For this to be an involution, the following conditions must hold

$a_{11}^2 - a_{12}^2k = 1$

$a_{11}a_{12}(1 + k) = 0$

$a_{12}a_{23} + a_{11}a_{13} + a_{13} = 0$

$k(a_{11}a_{23} - a_{12}a_{13}) + a_{23} = 0$

From these conditions, we find that $a_{11} \ne 0$ for $a_{12}$ to be real.

If $a_{12} = 0$, then either

• both $a_{23}$ and $a_{13}$ must be zero with $a_{11} = 1$ leading to the identity transform, or
• $a_{11} = -1$ with $a_{13}$ and $a_{23}$ being allowed to take on any arbitrary value. This gives us a matrix of the form $$\begin{pmatrix} -1 & 0 & a_{13} \\ 0 & -1 & a_{23} \\ 0 & 0 & 1 \end{pmatrix}$$ which is clearly the matrix of a rotation about an arbitrary center by $n\pi$. The image below shows a polygon that has undergone this transformation.

If $k = -1$, then $a_{11}^2 + a_{12}^2 = 1$ and $a_{13} = -(a_{12}a_{23})/(1 + a_{11})$. Taking $a_{11}$ as $cos(\theta)$ and $a_{12}$ as $sin(\theta)$ we get the matrix $$\begin{pmatrix} cos(\theta) & sin(\theta) & -\frac{sin(\theta)a_{23}}{1 + cos(\theta)} \\ sin(\theta) & -cos(\theta) & a_{23} \\ 0 & 0 & 1 \end{pmatrix}$$

which is clearly the matrix of a reflection about an arbitrary axis. The image below shows a polygon that has undergone this transformation.

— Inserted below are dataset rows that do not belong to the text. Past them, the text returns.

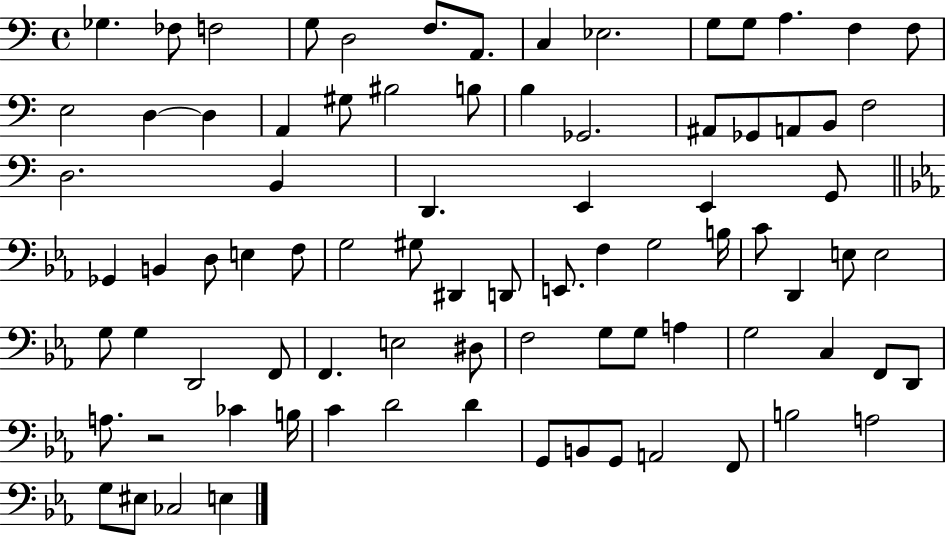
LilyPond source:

{
  \clef bass
  \time 4/4
  \defaultTimeSignature
  \key c \major
  ges4. fes8 f2 | g8 d2 f8. a,8. | c4 ees2. | g8 g8 a4. f4 f8 | \break e2 d4~~ d4 | a,4 gis8 bis2 b8 | b4 ges,2. | ais,8 ges,8 a,8 b,8 f2 | \break d2. b,4 | d,4. e,4 e,4 g,8 | \bar "||" \break \key ees \major ges,4 b,4 d8 e4 f8 | g2 gis8 dis,4 d,8 | e,8. f4 g2 b16 | c'8 d,4 e8 e2 | \break g8 g4 d,2 f,8 | f,4. e2 dis8 | f2 g8 g8 a4 | g2 c4 f,8 d,8 | \break a8. r2 ces'4 b16 | c'4 d'2 d'4 | g,8 b,8 g,8 a,2 f,8 | b2 a2 | \break g8 eis8 ces2 e4 | \bar "|."
}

#### 11. If $l_1 m_1 + l_2 m_2 = 0$, tan $\theta$ is undefined and the proof of Theorem 1 appears to break down. Investigate this case and show that right angles are also preserved by the general similarity transformation.

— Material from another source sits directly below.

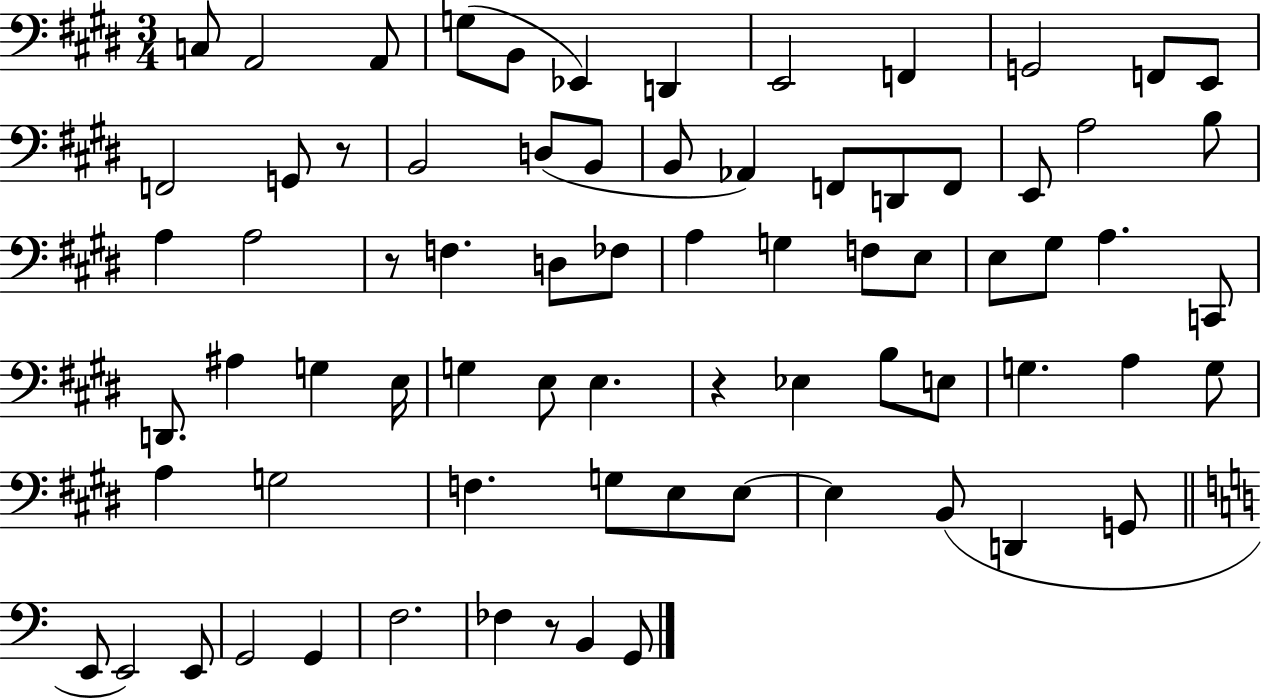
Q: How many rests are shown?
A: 4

Well, he’s given us the punch line right there in the question! Two lines will be perpendicular if $l_1m_1 + l_2m_2 = 0$.

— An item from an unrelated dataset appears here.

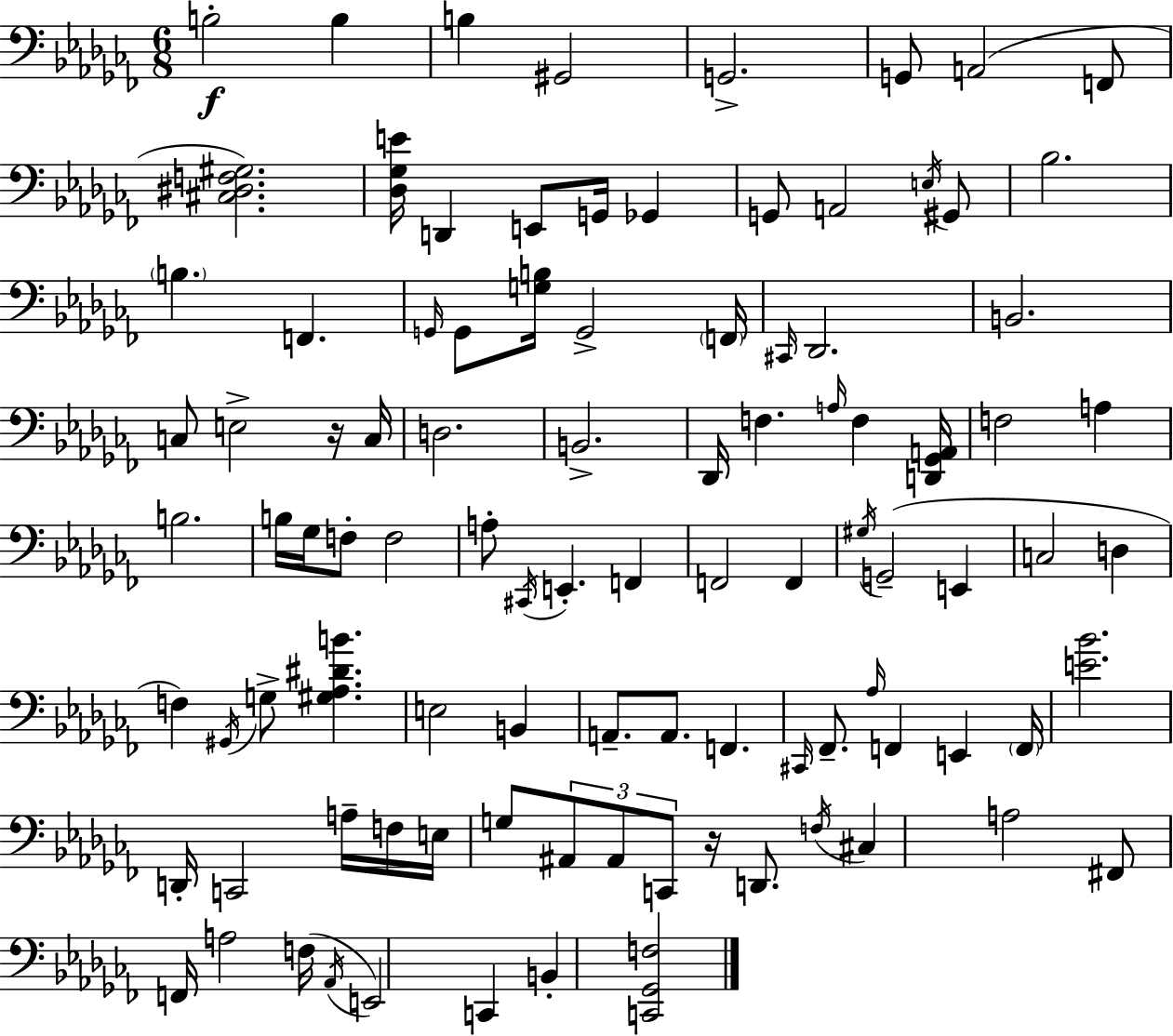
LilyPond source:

Using the equations of a general transformation and expressing this equation in terms of image coordinates we get

$$(a_{12}a_{22} + a_{11}a_{21})(l’_1m’_2 + l’_2m’_1) + \\ (a_{12}a_{32} + a_{11}a_{31})(l’_1m’_3 + l’_3m’_1) + \\ (a_{22}a_{32} + a_{21}a_{31})(l’_2m’_3 + l’_3m’_2) + \\ (a_{31}^2 + a_{32}^2)l’_3m’_3 + (a_{22}^2 + a_{21}^2)l’_2m’_2 + (a_{12}^2 + a_{11}^2)l’_1m’_1 = 0$$

If we want the transformation to preserve the $90^\circ$ angle then we expect $l’_1m’_1 + l’_2m’_2 = 0 \implies l’_1m’_1 = -l’_2m’_2$. Substituting this into the previous equation we get

$$(a_{12}a_{22} + a_{11}a_{21})(l’_1m’_2 + l’_2m’_1) + \\ (a_{12}a_{32} + a_{11}a_{31})(l’_1m’_3 + l’_3m’_1) + \\ (a_{22}a_{32} + a_{21}a_{31})(l’_2m’_3 + l’_3m’_2) + \\ (a_{31}^2 + a_{32}^2)l’_3m’_3 + (a_{22}^2 + a_{21}^2 - a_{12}^2 - a_{11}^2)l’_2m’_2 = 0$$

For this to be true for any two lines, the following must hold.

$a_{12}a_{22} + a_{11}a_{21} = 0$

$a_{12}a_{32} + a_{11}a_{31} = 0$

$a_{22}a_{32} + a_{21}a_{31} = 0$

$a_{31}^2 + a_{32}^2 = 0$

$a_{22}^2 + a_{21}^2 - a_{12}^2 - a_{11}^2 = 0$

For $a_{31}^2 + a_{32}^2 = 0$ to be true, each of $a_{31}$ and $a_{32}$ must be zero, as squares of real numbers cannot be negative.

$a_{12}a_{22} + a_{11}a_{21} = 0$, implies that $a_{12} = ka_{21}, a_{11} = ka_{22}$ for some real valued scalar $k$. Substituting this in $a_{22}^2 + a_{21}^2 - a_{12}^2 - a_{11}^2 = 0$ we get

$(1 - k^2)(a_{21}^2 + a_{22}^2) = 0$

If $a_{21}$ and $a_{22}$ were simultaneously 0 then the matrix would become singular, hence $k = \pm 1$.

These are the same constraints we obtained in the derivation of the matrix of a similarity transformation for an arbitrary angle. Hence right angles are also preserved by the general similarity transformation.